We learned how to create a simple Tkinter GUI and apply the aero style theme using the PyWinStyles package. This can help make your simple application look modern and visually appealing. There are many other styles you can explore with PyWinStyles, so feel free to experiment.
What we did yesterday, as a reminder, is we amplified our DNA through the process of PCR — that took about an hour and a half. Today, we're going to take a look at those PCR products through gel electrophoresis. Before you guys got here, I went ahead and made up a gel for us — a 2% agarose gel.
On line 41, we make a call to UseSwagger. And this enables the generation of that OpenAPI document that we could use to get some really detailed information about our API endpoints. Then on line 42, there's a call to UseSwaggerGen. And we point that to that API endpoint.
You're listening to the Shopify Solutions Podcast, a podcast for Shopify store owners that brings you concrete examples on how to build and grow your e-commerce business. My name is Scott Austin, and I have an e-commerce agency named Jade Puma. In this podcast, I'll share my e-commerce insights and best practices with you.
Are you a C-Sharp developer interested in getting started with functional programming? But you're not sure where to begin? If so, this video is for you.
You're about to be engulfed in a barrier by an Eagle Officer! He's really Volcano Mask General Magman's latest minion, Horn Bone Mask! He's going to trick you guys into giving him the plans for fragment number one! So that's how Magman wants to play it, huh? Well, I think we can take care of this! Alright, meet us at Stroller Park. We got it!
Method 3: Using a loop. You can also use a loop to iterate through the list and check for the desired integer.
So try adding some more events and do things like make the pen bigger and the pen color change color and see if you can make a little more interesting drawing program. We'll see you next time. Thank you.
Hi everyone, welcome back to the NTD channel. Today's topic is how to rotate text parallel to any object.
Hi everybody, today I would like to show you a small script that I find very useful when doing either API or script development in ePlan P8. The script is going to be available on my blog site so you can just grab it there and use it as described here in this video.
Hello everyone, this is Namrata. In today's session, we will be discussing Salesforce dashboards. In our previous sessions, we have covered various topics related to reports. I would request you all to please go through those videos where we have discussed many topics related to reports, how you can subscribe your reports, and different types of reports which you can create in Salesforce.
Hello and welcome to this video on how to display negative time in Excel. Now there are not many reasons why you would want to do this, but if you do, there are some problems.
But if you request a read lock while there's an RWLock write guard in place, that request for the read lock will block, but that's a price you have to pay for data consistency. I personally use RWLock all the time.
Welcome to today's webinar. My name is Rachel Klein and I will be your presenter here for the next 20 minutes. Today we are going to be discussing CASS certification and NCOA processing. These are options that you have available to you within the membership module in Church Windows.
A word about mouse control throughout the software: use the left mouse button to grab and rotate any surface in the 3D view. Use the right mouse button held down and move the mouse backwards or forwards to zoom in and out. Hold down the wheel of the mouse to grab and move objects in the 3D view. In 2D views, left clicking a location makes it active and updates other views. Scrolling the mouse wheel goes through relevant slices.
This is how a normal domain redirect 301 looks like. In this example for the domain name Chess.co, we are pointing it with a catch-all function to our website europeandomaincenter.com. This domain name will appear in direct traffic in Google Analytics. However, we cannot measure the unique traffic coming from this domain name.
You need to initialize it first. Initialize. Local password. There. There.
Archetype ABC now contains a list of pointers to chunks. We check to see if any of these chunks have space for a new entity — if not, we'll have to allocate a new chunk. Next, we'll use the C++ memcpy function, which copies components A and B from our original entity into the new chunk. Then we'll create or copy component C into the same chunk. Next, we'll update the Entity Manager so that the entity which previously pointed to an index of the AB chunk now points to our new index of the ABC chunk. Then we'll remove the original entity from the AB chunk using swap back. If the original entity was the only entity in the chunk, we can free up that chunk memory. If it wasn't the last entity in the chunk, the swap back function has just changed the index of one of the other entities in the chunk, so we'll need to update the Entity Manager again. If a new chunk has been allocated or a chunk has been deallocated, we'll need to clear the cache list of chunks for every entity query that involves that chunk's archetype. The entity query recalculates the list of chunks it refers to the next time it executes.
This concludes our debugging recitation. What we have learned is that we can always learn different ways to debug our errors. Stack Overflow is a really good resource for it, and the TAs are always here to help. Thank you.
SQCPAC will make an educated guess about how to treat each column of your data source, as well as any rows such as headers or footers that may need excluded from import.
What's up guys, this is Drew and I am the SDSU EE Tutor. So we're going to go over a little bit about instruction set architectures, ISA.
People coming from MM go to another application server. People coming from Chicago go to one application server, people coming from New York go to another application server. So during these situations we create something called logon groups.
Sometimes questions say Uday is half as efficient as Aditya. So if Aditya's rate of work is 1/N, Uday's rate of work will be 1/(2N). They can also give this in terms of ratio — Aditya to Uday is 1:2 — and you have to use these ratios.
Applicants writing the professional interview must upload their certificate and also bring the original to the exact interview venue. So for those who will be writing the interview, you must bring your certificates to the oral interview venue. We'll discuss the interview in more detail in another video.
━━━━
**Task goal**.
Identify how many lines in the entries above contain the word "half" and provide only that figure.

**Result**.
2